The operation unit 204 is an operation member or a remote controller including various kinds of switches, buttons, and a touch panel for accepting various kinds of operations from the user and notifying the control unit 201 of them.
The display unit 205 includes a liquid crystal panel or an organic EL panel, and displays various kinds of information and a Graphical User Interface (GUI) in accordance with an instruction of the control unit 201.
The recording unit 206 is an interface that controls access to a recording medium 210. The recording unit 206 controls write and readout of data in and from the recording medium 210 based on an instruction of the control unit 201. The learning program used by the learning unit 208 for learning processing and the like are recorded in the recording medium 210. The recording medium 210 is formed by a memory card, a hard disk, or the like.
The communication unit 207 includes an interface for performing wireless communication or wired communication with an external apparatus. A wireless communication interface is, for example, a wireless Local Area Network (LAN) complying with a wireless communication standard of IEEE 802.11n/a/g/b. The communication unit 207 is connected to an external access point by a wireless LAN, and performs wireless communication with an external apparatus via the access point. Note that the wireless communication interface is not limited to the wireless LAN, and infrared communication, Bluetooth®, Bluetooth Low Energy, Wireless USB, or the like may be used. A wired communication interface is a USB cable, HDMI®, IEEE 1394, or the like. The communication unit 207 communicates with an external apparatus including the inference apparatus 100 and the expansion apparatus 120, and exchanges image data, control data, the learning program, and the like.

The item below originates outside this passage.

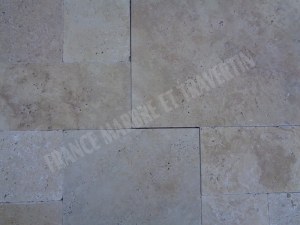 Travertin Beige Clair Opus Romain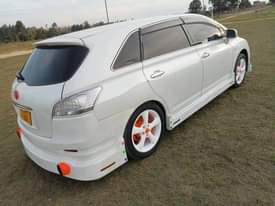 A picture of 2010 Toyota Mark x zio Pearl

The learning unit 208 has a machine learning function including deep learning using a neural network. The learning unit 208 executes learning processing of an inference model and an inference parameter in accordance with the learning program including information such as learning data, supervisory data, the inference parameter, and the neural network structure of the inference model stored in the recording medium 210. Note that the various kinds of data used for the learning processing may be received by the communication unit 207 from an external apparatus. In this case, it is possible to reduce the resource consumption amount of the information processing apparatus 200.
The learning unit 208 includes a GPU or a Digital Signal Processor (DSP). The learning processing by the learning unit 208 can be executed by the GPU or DSP. The GPU or DSP is a processor capable of performing an enormous amount of product-sum operations, and has arithmetic processing capability of performing a matrix operation of a neural network within a short time. Note that in the learning processing, the CPU of the control unit 201 and the GPU of the learning unit 208 may perform arithmetic processing in cooperation with each other or one of the CPU of the control unit 201 and the GPU of the learning unit 208 may perform arithmetic processing.

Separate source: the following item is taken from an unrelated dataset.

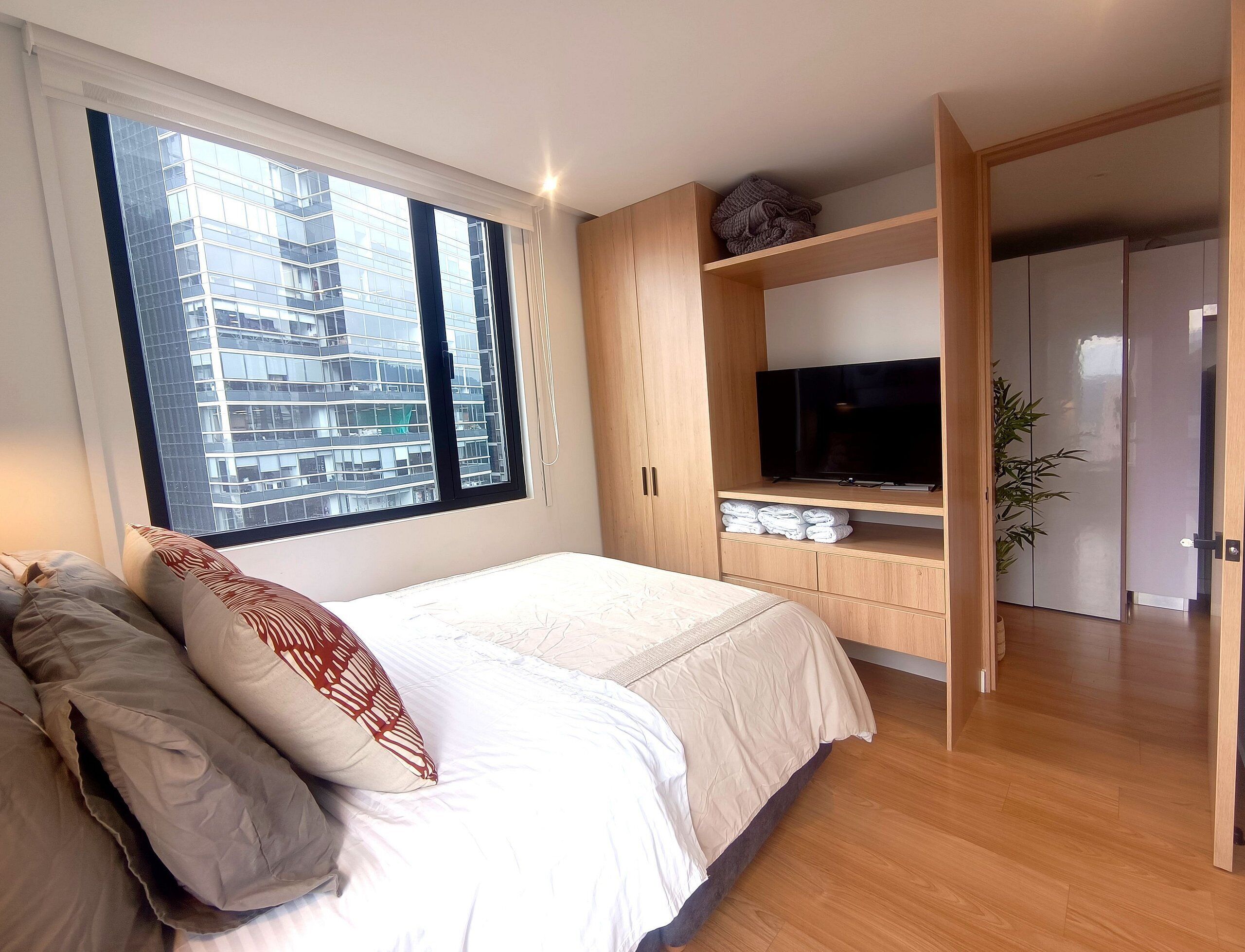 1 chambre, fer et planche à repasser, Wi-Fi, draps fournis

Note that similar to the inference unit 108, the learning unit 208 can execute, for input data, inference processing by deep learning using a neural network based on the inference model and the inference parameter.
The above-described respective components are connected to be able to transmit/receive data to/from each other via the internal bus 209.

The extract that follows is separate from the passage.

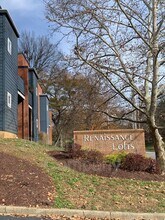 Building Photo - 2745 Grinstead Dr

An inference program generation tool 400 provided by the information processing apparatus 200 according to the first embodiment will be described next with reference to FIG. 4.
The inference program generation tool 400 is a support tool for generating program codes of the inference program for executing the inference processing in the inference apparatus 100 and the expansion apparatus 120. The support tool 400 is provided when the control unit 201 of the information processing apparatus 200 executes the application program of the support tool 400 stored in the nonvolatile memory 203.
As shown in FIG. 4, data used by the support tool 400 to generate the inference program include first information 401 concerning the hardware of the inference apparatus 100 as information concerning the inference processing executed in the inference unit 108 of the inference apparatus 100, second information 402 concerning the hardware of the expansion apparatus 120 as information concerning the inference processing of the expansion apparatus 120, and third information 403 concerning the hardware setting at the time of program conversion. Note that as in the third embodiment to be described later with reference to FIG. 9, in a case where a plurality of expansion apparatuses 120 and 130 are connected to the inference apparatus 100, the second information 402 exists for each expansion apparatus. The support tool 400 converts the inference program including a learned inference model 404 based on the first information 401 of the inference apparatus 100, the second information 402 of the expansion apparatus 120, and the third information 403 for program conversion, thereby generating program codes operable in the inference apparatus 100 and the expansion apparatus 120.
The first information 401 of the inference apparatus 100 includes items concerning the scale and operating frequency of a product-sum operation circuit as the inference processing performance of the inference unit 108, power consumption, a processible data type (floating-point number, integer, and the number of bits such as 8 bits or 16 bits), a data access amount at the time of arithmetic processing, and hardware such as an internal memory held in hardware. The first information 401 of the inference apparatus 100 includes information that can be determined by actually executing a simulation, and further includes, in this case, information necessary to execute the simulation. Note that the first information 401 of the inference apparatus 100 is not limited to the above-described pieces of information and may include other information.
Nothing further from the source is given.